An exact reproduction of the data below is expected, free of images.

* DATA BLOCK
******************************

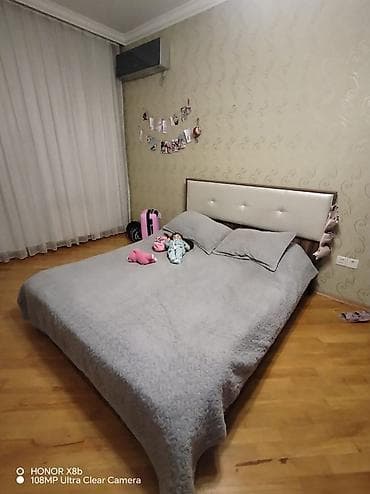 Taxt satılır,matras var,yaxşı vəzyetdədi.Qiymət 130man.UnvanHəzi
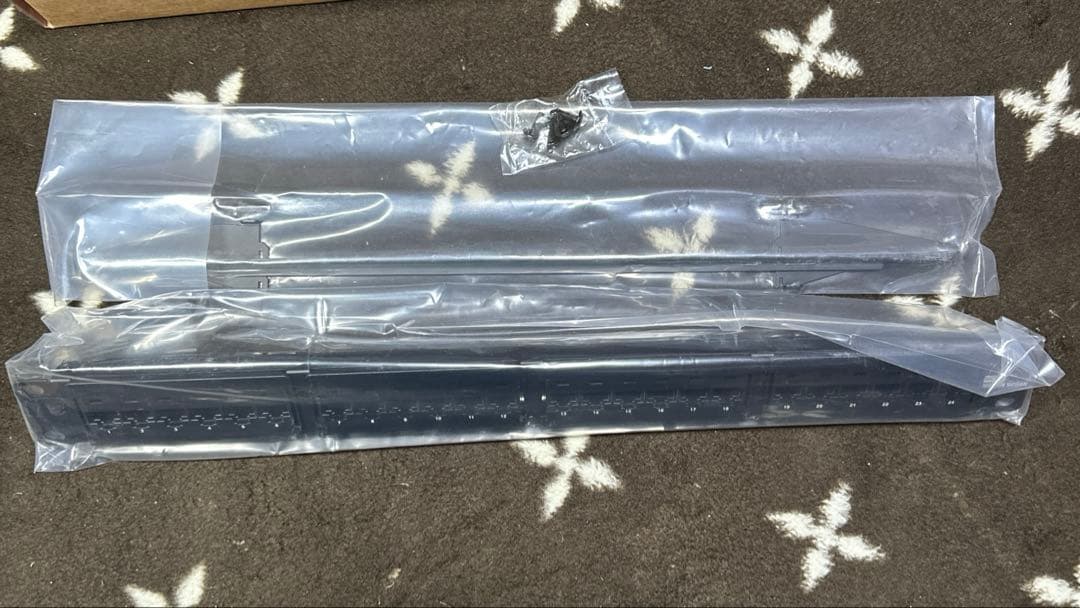 日本製線　パッチパネルキット　24ポートJJアダプタ付き　LANケーブルCAT6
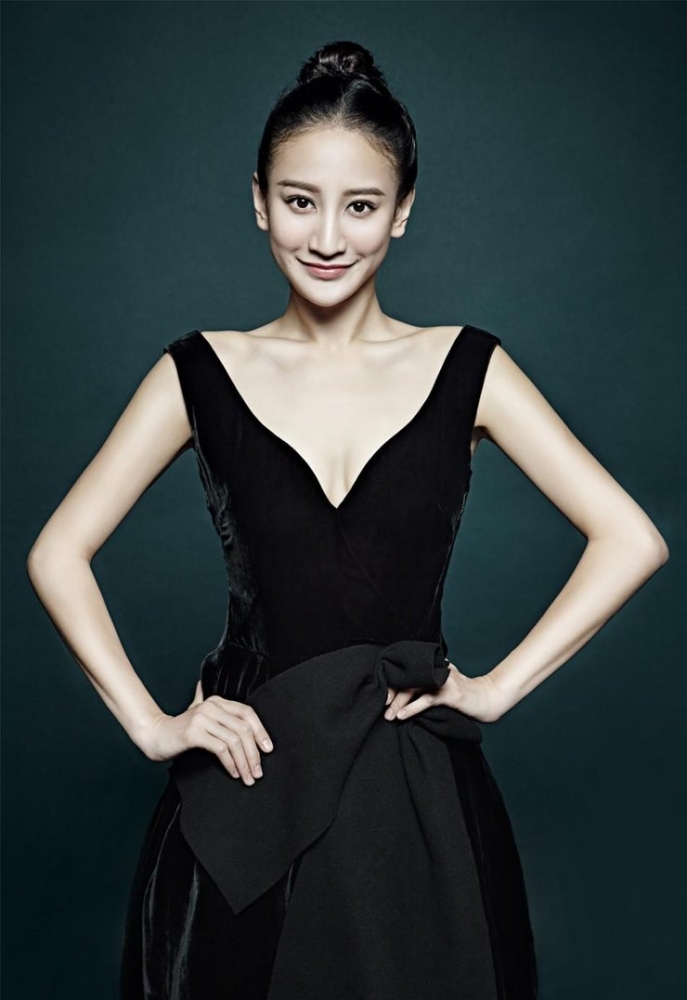 点击大图看下一张:曾泳醍气质写真 小黑裙尽显典雅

******************************

* EXERCISE OUTPUT
 Taxt satılır,matras var,yaxşı vəzyetdədi.Qiymət 130man.UnvanHəzi
 日本製線　パッチパネルキット　24ポートJJアダプタ付き　LANケーブルCAT6
 点击大图看下一张:曾泳醍气质写真 小黑裙尽显典雅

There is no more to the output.